Avoid the bonk: A paddler’s guide to the Birkie
PADDLING/CROSS COUNTRY SKIING
BY REBECCA BARTON-DAVIS
First and foremost, I am a paddler, but every winter I moonlight as a cross-country skier. It isn’t always easy to blend in with my big shoulders, awkward technique and penchant for double-poling, but somehow over the last five years, I have evolved from a once-a-year racer into a Birkie regular. Each year my husband and I pack the truck with every pair of skis, wax and piece of equipment we own, and make the journey to the Wisconsin Northwoods. With only a couple of Birkie’s under my belt (although many ski marathons), I have a few pointers that will hopefully keep you lucid enough to snag a beer at the finish line.
Dress for success
If paddling is your first sport, winter dress often consists of many, many layers … including the wind and waterproof varieties. These things can stay in the closet for the Birkie unless the forecast actually calls for pouring rain. Skiing is going to warm you up significantly more than a winter paddle, and you need much more mobility in order to ski comfortably. Stick to thin base layers, moisture-wicking ski suits and breathable outer layers that allow the sweat to evaporate, keeping you much more comfortable for the entire race. If you want to dress a little heavier, make sure to have a good hat, a buff/neck gaiter and a good pair of ski gloves/mittens. Also, a good pair of sunglasses is a must – preferably with orange or rose lenses that give you good visibility without fogging up. If you must wear extra layers, it should be to the starting line – things that you can shed quickly and easily as you are entering the starting corral.
Manage your start
My first Birkie was in 2016, and I still have nightmares from the mad dash to the line as each corral is moved forward. Skis and poles in hand, hundreds of skiers mob to get a coveted frontline spot. The rest of us are left to start in a jigsaw-puzzle formation, five different pairs of skis overlapping as the gun goes off – we pray that those whom we are interlocked with manage to stay upright and won’t break our poles. Definitely fight for a front-line spot, but if that doesn’t happen, view the first kilometer as a time to avoid a mistake, instead of a time to assert your dominance. Having all equipment intact and being able to (kind of) breathe will serve you well through the next 49 or 54k.

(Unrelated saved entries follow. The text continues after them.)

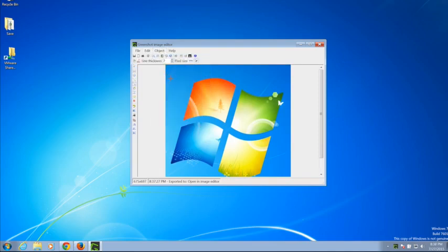I'm going to draw an arrow on the portion of the screen that I'd like to highlight. GreenShot comes in handy when you're trying to demonstrate something with a picture rather than words.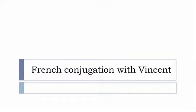Bonjour à tous and welcome to French Conjugation with Vincent. I've decided to make this new series of videos in which I will present the conjugation of one verb at a specific tense.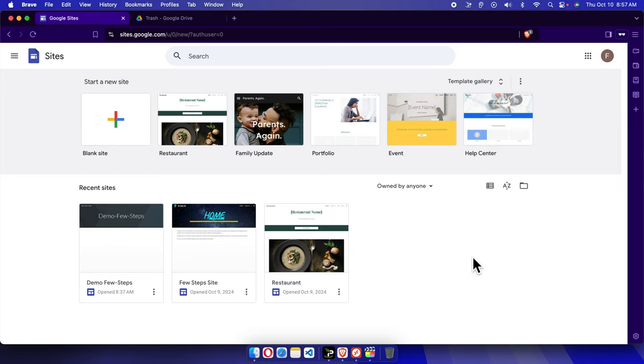Hello, in this video I will show you how you can remove a Google Site website completely and permanently. By default, if you remove it, it still takes some space on your Google Drive, so here I will show you how you can delete this thing permanently.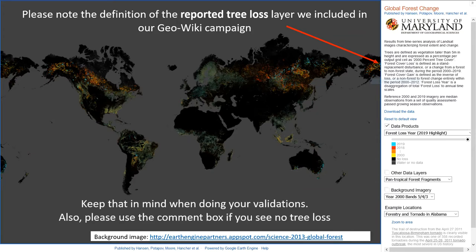Keep that in mind when you do your validations. Use the comment box if you see no tree loss, for example. Nevertheless, we are assuming that all the red pixels shown in our campaign are tree loss, so you should always classify what is the driver of that.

If I don’t eat or drink until 00, there is no way I will have the energy left to make a strong finishing push. If you are starting in the faster waves, the aid stations may need to supply you with all of your calories, but with so many people, it is a good idea to take a hydration belt so you aren’t stuck in a freezing line waiting for lukewarm Gatorade. This being said, if the bananas, chocolate chip cookies or shot blocks offered by volunteers are calling your name, make sure to grab them. My strategy is to eat a little early, and then often. Waiting until you are starving means you are too late, but you should never feel “full” during the ski race. Paddling race food will definitely translate well, and as a paddler, you will have an advantage because you have trained yourself to eat when racing hard. If you are going too hard to keep food down … you are going too hard for this length of race!
Carrying speed through transition is something the elite skiers will utilize during the Birkie, and you can, too. Many skiers, especially those who may have skipped leg day, are going to use the transitional times to take a little rest, but this is the best time to bank “free” speed. By staying in your tuck all the way to the bottom of the hill, you will gain a few extra feet of glide. The same goes with skiing hard over the top of the hill to get an extra push starting your next descent. Where an elite skier can probably maintain this momentum all the way up the next hill, you may have to relax a bit mid-climb; but just keep methodically plugging away while controlling your heart rate to use your speed where it will get you the best return.
Use your strength
Paddlers have a unique advantage when it comes to the transition to cross-country skiing – we have ample upper body and core strength. Use this to your advantage and to save energy by double-poling. A pure skier won’t double-pole much at all in a skate race, but if your thighs are burning and you can hardly bear the thought of another climb, take advantage of the flatter sections to take a double-pole break in the track. This will save your legs for the big climbs. If you are classic, the transition to double-poling is even easier. A 50k race isn’t the time to be prideful or try to make big fitness and technique gains; it is time to put your best effort forward, regardless of what it looks like to more conventional skiers. The last few kilometers are mainly crossing the lake, and this is a perfect time to let your tired lower body rest. Even those who are still skating well may want to try double-poling just to see if it works on the lake – standing water or uneven terrain can make this a better choice than an uncontrollable V2. Chances are, you will notice some others following in your tracks.